Inégalités, un défi écologique ?

Publié par philippe piercy sur 5 Mars 2017, 11:13am

Catégories : #programme de Khâgne tronc commun

Inégalités, un défi écologique ?

Dans la revue Projet (revue engagée, fondée par les Jésuites, dans un courant de Christianisme social), un important dossier comportant des articles très synthétiques sur les inégalités, leur acceptabilité, leur dimension environnementale; accessible par le lien http://www.revue-projet.com/dossier_revue/inegalites/

Présentation du débat et des contributions (voir ensuite un extrait de la contribution très synthétique de M. Duru-Bellat)

En 2015, la fortune cumulée de 62 personnes équivaut à celle de la moitié la plus pauvre de l’humanité, selon Oxfam ! Même si la méthode de calcul peut toujours être débattue, le chiffre reflète une réalité insupportable. Si les inégalités entre pays ont reculé au cours des dernières décennies (Afrique subsaharienne mise à part), celles entre individus ont explosé – et plus encore en termes de patrimoine que de revenus. Dans des proportions certes variables selon les pays – la France se situant quelque part entre le Danemark et les États-Unis – elles ont atteint une telle ampleur que même le Fonds monétaire international, longtemps le héraut du néolibéralisme, s’en inquiète. Mais pas nécessairement pour les bonnes raisons : comme si de leurs incidences sur la croissance pouvait dépendre notre tolérance aux inégalités (cf. R. Sénac) !

Comment justifier de pareils écarts ? Certainement pas par le mérite, contrairement à ce qu’une idéologie sournoise avance comme une vérité scientifique (cf. D. Girardot) : selon la Banque mondiale, notre niveau de revenu s’explique pour 60 % par notre pays de résidence, et pour 20 %, par notre origine sociale (cf. M. Duru-Bellat) … Et pourtant, bien des hommes et des femmes en bas de l’échelle sont renvoyés à la terrible accusation d’être, par leur faute, « inutiles » pour la société (cf. P.N. Giraud et les propos recueillis par J.-M. Boisselier). Les écarts de richesse rendent nos sociétés malades – du stress, de la dépression, de la délinquance (cf. R. Wilkinson) … Ils travestissent nos démocraties, jusqu’à les transformer en « ploutocraties ». Mais il y a plus.

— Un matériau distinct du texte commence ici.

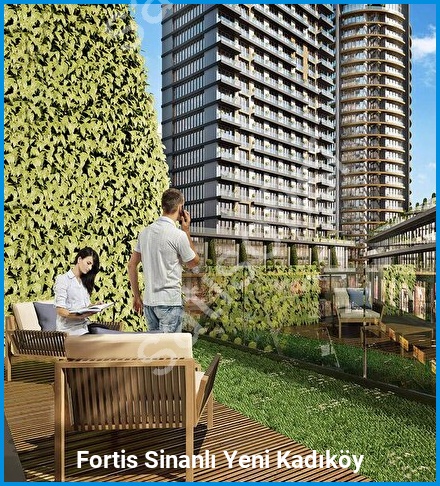 Fortis Sinanlı Yeni Kadıköy görsel 10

Les inégalités mettent aujourd’hui en péril les conditions de vie sur terre – et d’abord pour les plus pauvres (cf. M. Drique et C. Lejeune). Elles nourrissent la spirale consumériste quand le mode de vie insoutenable des plus riches est érigé en modèle ; elles fragilisent la cohésion sociale et le crédit des autorités politiques au moment où il faudrait engager de lourdes mutations ; elles mettent en position de force ceux-là mêmes qui fondent leur fortune sur des modes de production et de consommation insoutenables. Loin de concurrencer l’impératif de justice sociale, la sauvegarde de notre maison commune en fait une question de survie pour l’humanité. Mais il ne suffira pas de mieux répartir les richesses, si celles-ci sont assises sur le dérèglement du climat, l’élimination des espèces et la surexploitation des ressources.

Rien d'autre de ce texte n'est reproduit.